Growth Model That Did Not Arrive

The 2025 budget of approximately US$2.6b exceeded the recommended draw from the fund by more than double. The 3% rule rested on two assumptions: that the fund’s investment returns would sustain the draw indefinitely and that growth in the non-oil economy would expand the tax base sufficiently to substitute for petroleum revenue. Neither has held.

Portfolio returns have been weak, and non-oil growth has not produced a tax base capable of funding the state. The 5% average withdrawal rate since 2008 reflects a growth model that did not arrive.

The demographic position compounds the problem. Timor-Leste’s median age is 20, and roughly half of citizens aged 18 to 34 planned to work overseas in 2025. Remittance flows from this migration may stabilise household consumption but lack the ability to finance state functions, capitalise domestic firms, or build the institutions and infrastructure any post-petroleum economy would require.

Limits of Regional Backstop

Timor-Leste joined ASEAN in October 2025 as the bloc’s 11th member, an accession that carries political weight but offers no financial backstop. Meanwhile, ASEAN was built on non-interference and consensus, with no shared budget, no transfer mechanism and no precedent for intervening in a member’s sovereign wealth management.

A response to a Petroleum Fund depletion event, thus, would take the form of bilateral assistance from individual members, not institutional rescue.

The regional gas picture carries more weight. Indonesia, Thailand and the Philippines are all confronting domestic gas declines and rising LNG import requirements. Malaysia and Indonesia, the bloc’s two established LNG exporters, have limited spare capacity for new export contracts.

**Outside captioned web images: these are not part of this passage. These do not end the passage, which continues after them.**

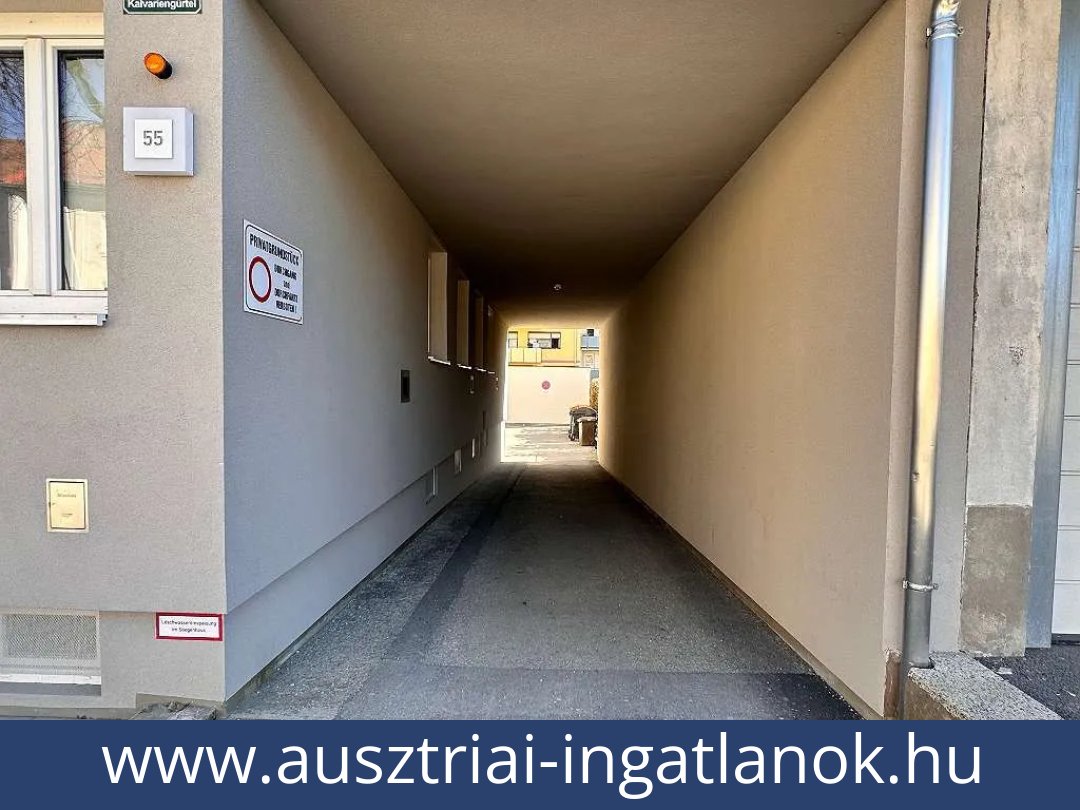 ausztriai-ingatlanok-graz-8020-20260911070651-0098801014.jpg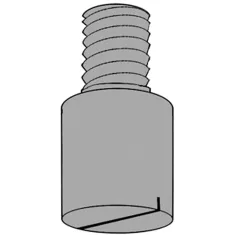 Hatco 05-04-087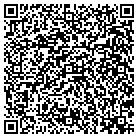 QR code with A And R Development contacts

A 5 million tonne per annum facility in Timor-Leste would represent a meaningful new regional supply source if it materialises on schedule. Its delay or absence would be felt across the early 2030s, with the most direct consequences for Indonesia, which shares both a land border and a complex maritime boundary with Timor-Leste.

China

President José Ramos-Horta has stated publicly that if Woodside does not move forward, Chinese or Kuwaiti companies could develop the field. In September 2023, Gusmão signed a Comprehensive Strategic Partnership with Beijing covering military cooperation and investments linked to the Belt and Road Initiative (BRI).

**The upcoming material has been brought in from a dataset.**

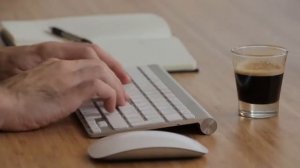 Психология БОГАТЫХ и БЕДНЫХ | Отличия мышления богатого от бедного | Как выбраться из нищеты?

The China angle can be argued as a diplomatic instrument to pressure Woodside and Australia, and Ramos-Horta has since clarified that Timor-Leste prefers an Australian partnership.

The strategy of using China as leverage carries an analytical contradiction. The credibility of the China option depends on signalling that a Chinese-led development is genuinely possible.

That signal raises Woodside’s perceived political risk, which raises the returns the company requires from the project but which also pushes the final decision further out. The leverage intended to accelerate Australian commitment has the opposite effect.

For ASEAN partners watching, the China option also raises a quieter question about external power involvement on the bloc’s southern maritime periphery, an arena that has drawn far less attention than the South China Sea and carries no less significance for long-term regional architecture.

Uncertain Dawn

Timor-Leste’s situation is fundamentally a timing problem with a sovereignty trap embedded inside it. Greater Sunrise revenue, in the most optimistic scenario, would only arrive no earlier than 2032, and the ownership structure meant to ensure sovereign control of the resource may instead accelerate the depletion of the fund that controls it.

The November 2025 agreement is a necessary step. The disputes still ahead remain decision points at which the project can collapse. Though the resource base is sufficient, the available time is short. The consequences of a fiscal failure on ASEAN’s eastern frontier will extend well beyond Dili.

The views expressed in this article are the author’s own.